Ora, numa comunidade religiosa, o que significa afirmar “dize-o à igreja”, senão à toda comunidade?

Quando a correção de um superior não é ouvida, recorre-se ao Capítulo para que também a comunidade inteira manifeste o seu parecer. “Na vocação à santidade em comum, necessito do irmão, ‘ministro’ de Deus, para que me obsequie com sua correção fraterna”.[2] Também Hernán Cardona e Fidel Oñoro corroboram esta afirmação: “Segundo a passagem, (Mt 18, 12-14), a comunidade é ‘a boa pastora’ de cada um de seus membros. […] Toda comunidade é responsável por cada um dos seus irmãos”.[3] “Somente o acontecimento de Jesus encarnado pode iluminar-nos nessa dura realidade sobre a obediência religiosa: precisamos uns dos outros para descobrirmos o querer do Pai”.[4]

Dessa forma, vemos que o Capítulo não é algo novo, mas é uma instituição que já vem desde séculos.

Correção: caminho que conduz para a vida eterna

Assim, cientes de que “a correção e a disciplina são o caminho da vida” (Pr 6, 20), a Tradição das Ordens Religiosas sempre procurou assimilar a instituição do “Capítulo”, fundamental para sua perseverança e crescimento.

É necessário dizer que, opostamente do que se poderia pensar, após um Capítulo, a pessoa não sai humilhada nem triste, muito pelo contrário, manifesta uma alegria interior e uma enorme vontade de melhorar. Cria também um laço cordial muito maior com os irmãos da mesma comunidade, além de uma enorme gratidão em relação a todos os que a ajudaram: “Quem corrige alguém, encontra no fim mais gratidão do que lisonjas” (Pr 28, 23).

Acrescente-se, também, que as faltas levantadas nos Capítulos nunca se referem a matérias graves ou pecados, unicamente a faltas leves – a razão de chegar atrasado aos horários da casa, descuidos no trato com os irmãos, etc. Cabe ressaltar ainda que, por tratar-se de algo muito pessoal, os Capítulos nunca devem ser filmados ou mesmo fotografados – São Bento certamente o incrementaria em suas regras, se vivesse nestes “tempos virtuais” como os nossos. Inclusive, após o Capítulo, os participantes comprometem-se a abster-se de quaisquer comentários sobre tudo quanto ali foi declinado pelos circunstantes, mesmo para aqueles que não estiveram presentes.

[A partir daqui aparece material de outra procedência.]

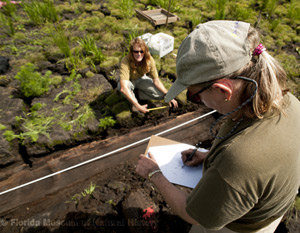 Drought and Dugout Canoe research is revealing new insights not only about the canoes, but, also, sediments, hydrology, fauna and flora impacts.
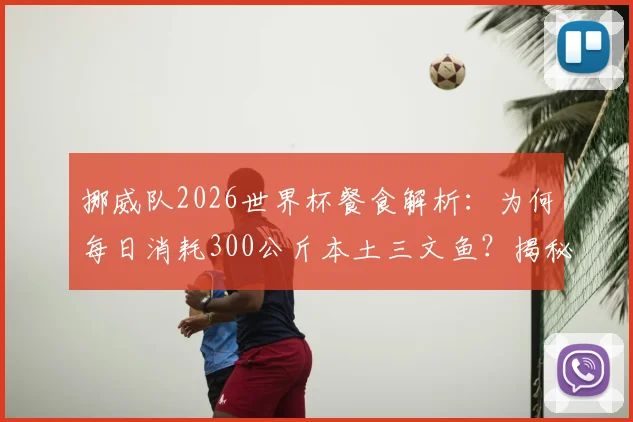 挪威队2026世界杯餐食解析:为何每日消耗300公斤本土三文鱼?揭秘北欧运动营养学与食材供应链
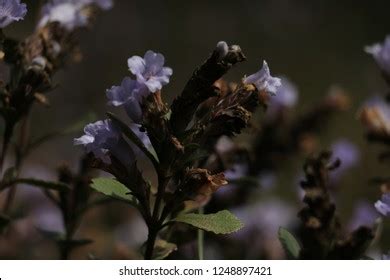 Kurinji Neelakurinji Found Nilgiri Hills Blue Stock Photo 1248897421 ...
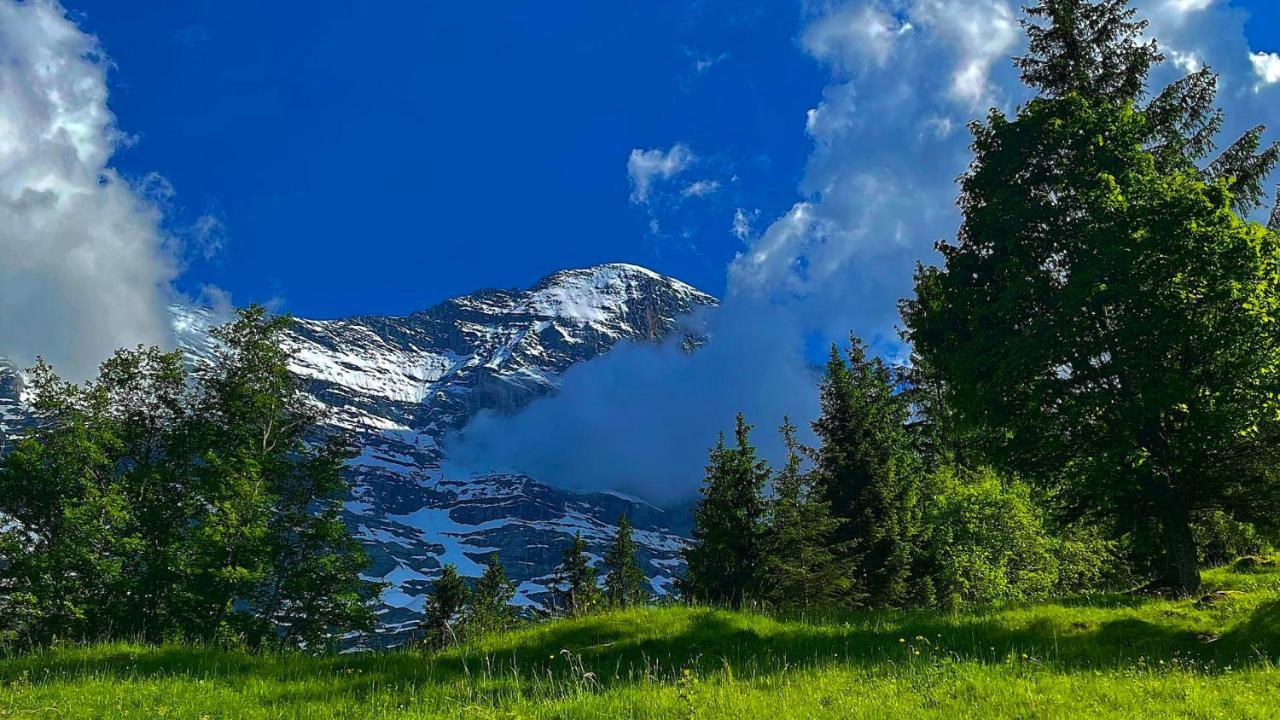 Romantisches Plaetzchen In Der Natur Grindelwald Exterior photo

Portanto, a correção fraterna é uma prova de amor de uns pelos outros; pois “Deus quer que todos os homens se salvem” (1 Tm 2, 4), e ao prescrever a correção, Ele deseja que o homem reconheça sua imperfeição e se emende de suas faltas. “E como muitas vezes o erro vai se infiltrando através da ignorância, preceitua a correção para que se possa evitar a obstinação ou se consiga emendar a falta”.[5] “Por minha vida – oráculo do Senhor – não me comprazo com a morte do pecador, mas antes com a sua conversão, de modo que tenha a vida” (Ez 33, 11).

Por Bonifácio Silvestre


[1] Considere-se que Deus nada pergunta à serpente, pois o demônio não é passível de arrependimento.

[2] MARÍA, Fray José. El esplendor de la vida consagrada. Madrid: BAC, 2005, p. 221. En la vocación común a la santidad, necesito del hermano, ‘ministro’ de Dios, para que me obsequie […] con su corrección fraterna. Tradução nossa.

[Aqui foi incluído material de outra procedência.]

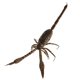 thumbnail image 1 of Insectos De Arcilla Altamente Simulados Animales Aleatorios Modelo De Color Juguetes Escorpión, 1 of 5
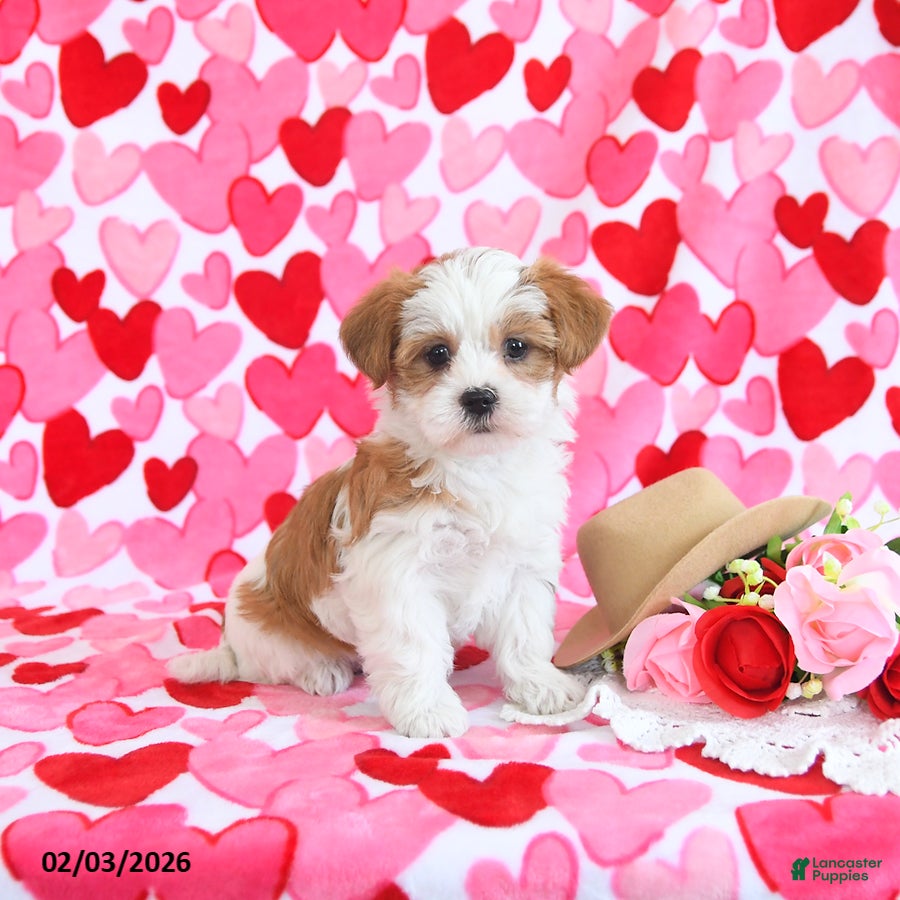 Shorkie dogs Sweetie - Ad 4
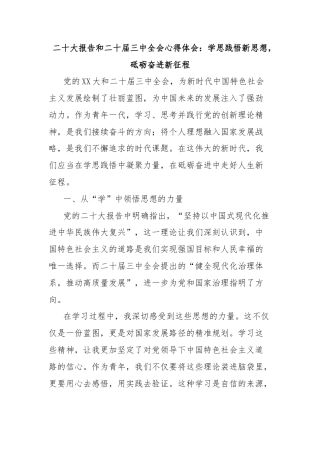 二十大报告和二十届三中全会心得体会：学思践悟新思想，砥砺奋进新征程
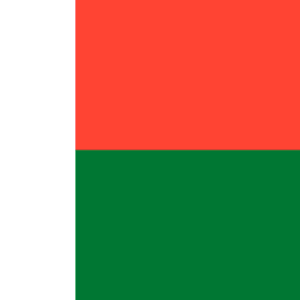 madagascar flag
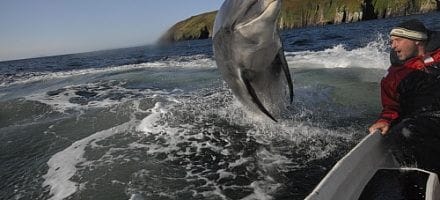 Fungie the dolphin jumping beside a boat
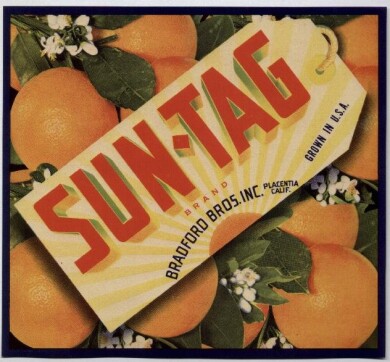 vintage-posters-signs-labels-adverts-2313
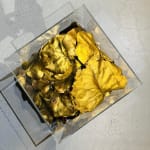 Francis Acea, Golden Years, 2008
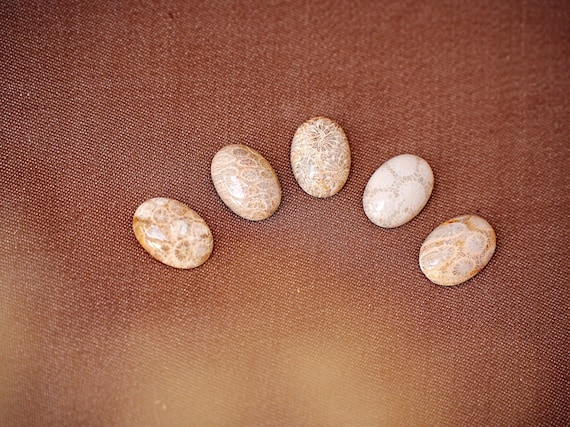 Fossile Koralle Cabochon I 25x17 Edelstein oval, fair gehandelt zur Herstellung von Schmuck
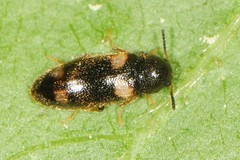 Spilotus quadripustulatus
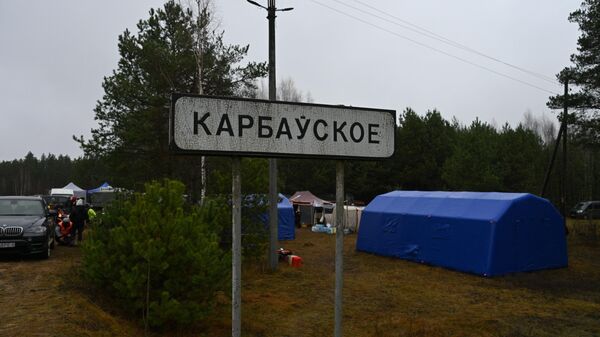 Водолазы, Алмаз и дроны: как ищут подростка в Березинском районе (видео) - Sputnik Беларусь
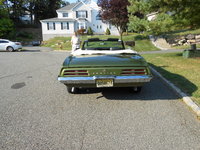 Firebird Firebird
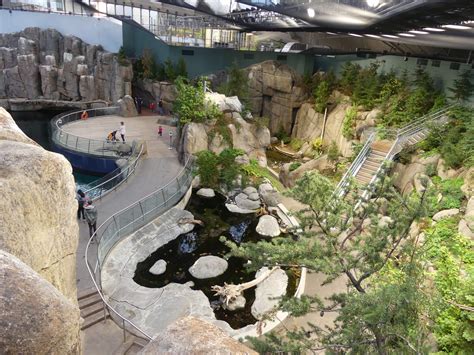 Montreal Biosphere: The Iconic Geodesic Dome by Buckminster Fuller – Arcace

[3] RAMÍREZ, Hernán Cardona, SDB; CONSUEGRA, Fidel Oñoro, CJM. Jesús de Nazareth en el Evangelio de San Mateo. Medellín: UPB, 2011, p. 274. “Según el pasaje, (Mt 18, 12-14), la comunidad es ‘buena pastora’ de cada uno de sus miembros. […] toda comunidad es responsable de cada uno de sus hermanos”. Tradução nossa.

[4] KEARNS, Lourenço. Pe. Teologia da obediência religiosa. Aparecida: Santuário, 2002, p. 64.

[5] AMBRÓSIO. Exposión sobre el Ev. de Lucas, 8, 21-22. In: RODRIGUÉS, Marcelo Merino. La Biblia Comentada por los padres de la Iglesia. Nuevo Testamento, 3. Madrid: Ciudad Nueva, 2006, p. 363. “Y como muchas veces el error se va infiltrando a través de la ignorancia, prescribe la corrección para que se pueda evitar la obstinación o se consiga enmendar la falta”. Tradução nossa.